## Action item
Please reproduce, exactly as given, the lines running from the start of the data to the line containing "Imagen 2 de", inclusive, and omit the pictures.

## Caption-style text data
========================================

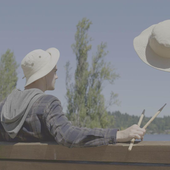 image (13).png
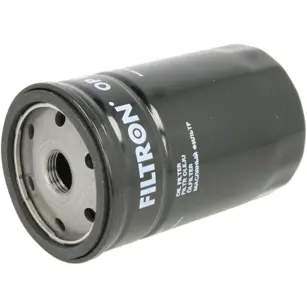 FILTER ULJA DF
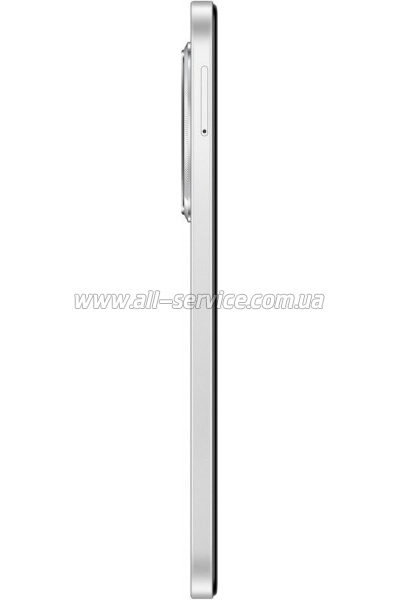   Tecno Spark 30C 4/128GB Orbit White (4894947051777)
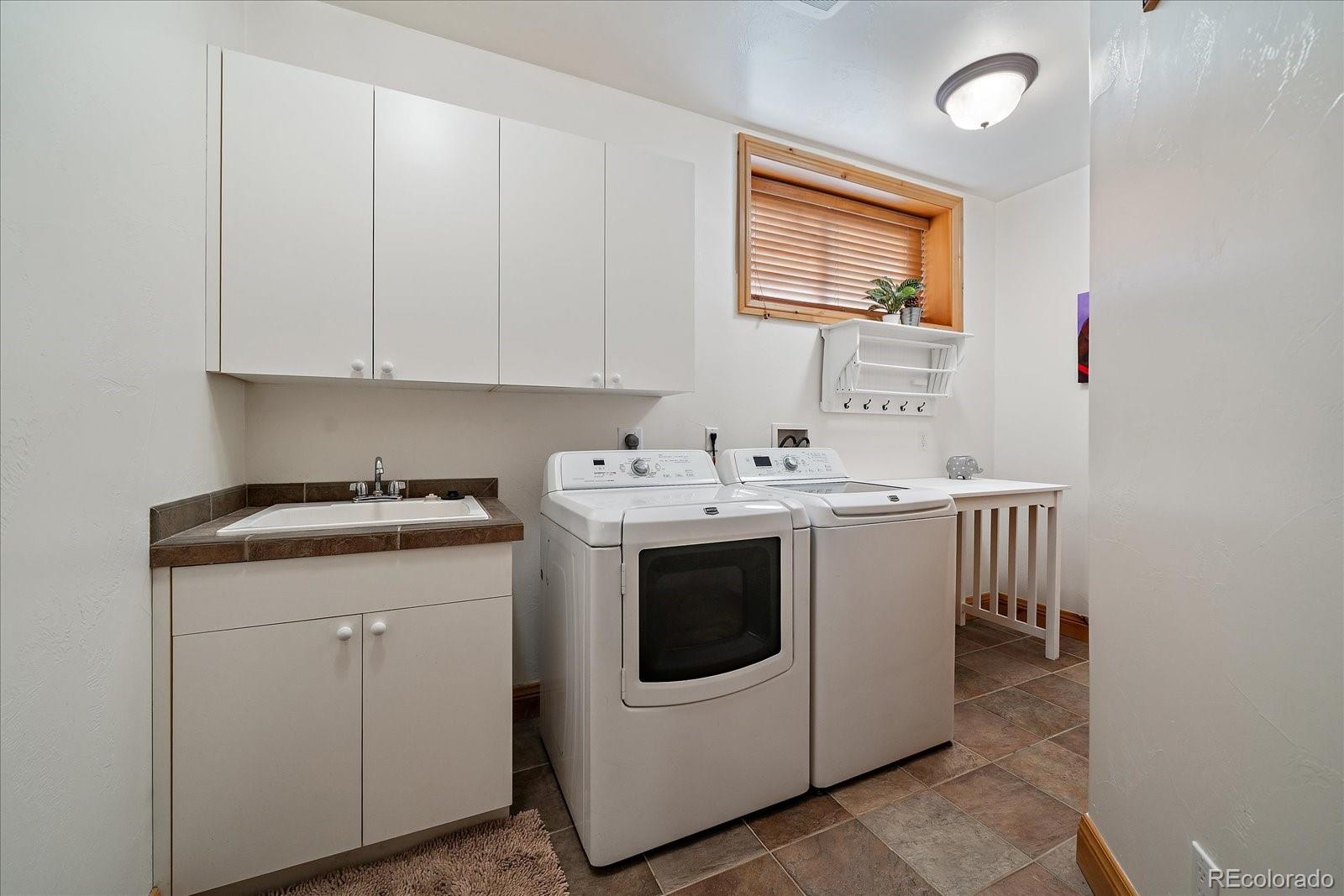 MLS Image #38 for 1024  nob hill road,evergreen, Colorado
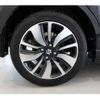 suzuki swift 2018 -SUZUKI 【京都 502ﾔ1136】--Swift DBA-ZC83S--ZC83S-119118---SUZUKI 【京都 502ﾔ1136】--Swift DBA-ZC83S--ZC83S-119118- image 22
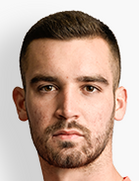 Antonis Tsiftsis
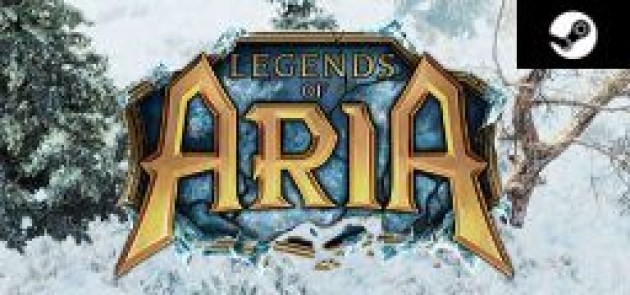 legends_of_aria_logo7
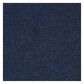 Shaw Veranda Carpet in Ocean Reef, , large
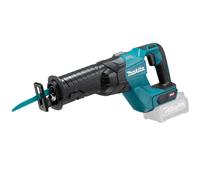 Makita 40V Max XGT Cordless Power Tool Combo Kit Body Only DIY Industrial Range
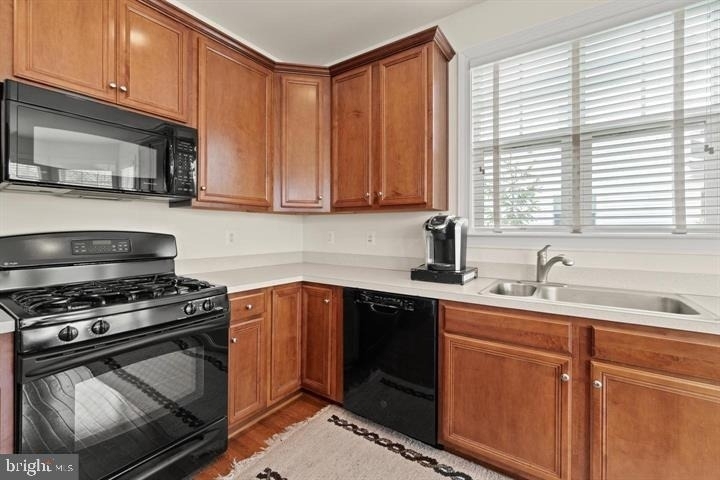 14160 Catbird Drive - Photo 30
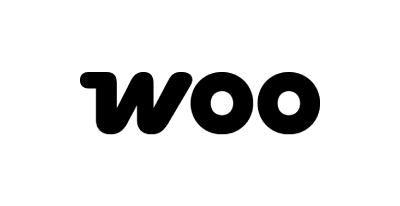 w00 logo
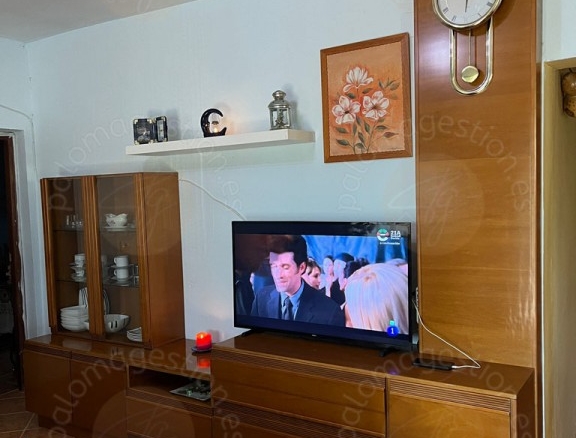 Imagen 2 de Suelo rústico en Venta en Leganiel Cuenca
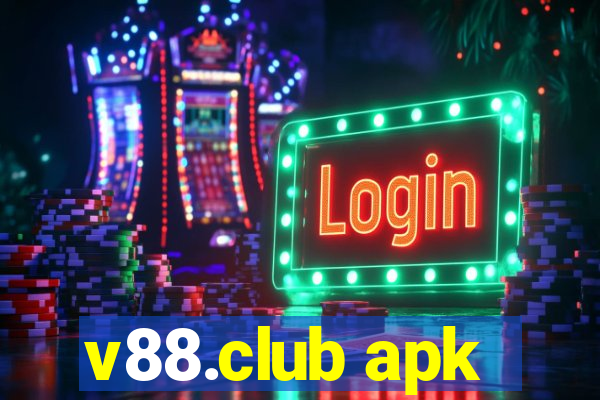 v88.club apk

========================================

## The answer
 image (13).png
 FILTER ULJA DF
   Tecno Spark 30C 4/128GB Orbit White (4894947051777)
 MLS Image #38 for 1024  nob hill road,evergreen, Colorado
 suzuki swift 2018 -SUZUKI 【京都 502ﾔ1136】--Swift DBA-ZC83S--ZC83S-119118---SUZUKI 【京都 502ﾔ1136】--Swift DBA-ZC83S--ZC83S-119118- image 22
 Antonis Tsiftsis
 legends_of_aria_logo7
 Shaw Veranda Carpet in Ocean Reef, , large
 Makita 40V Max XGT Cordless Power Tool Combo Kit Body Only DIY Industrial Range
 14160 Catbird Drive - Photo 30
 w00 logo
 Imagen 2 de Suelo rústico en Venta en Leganiel Cuenca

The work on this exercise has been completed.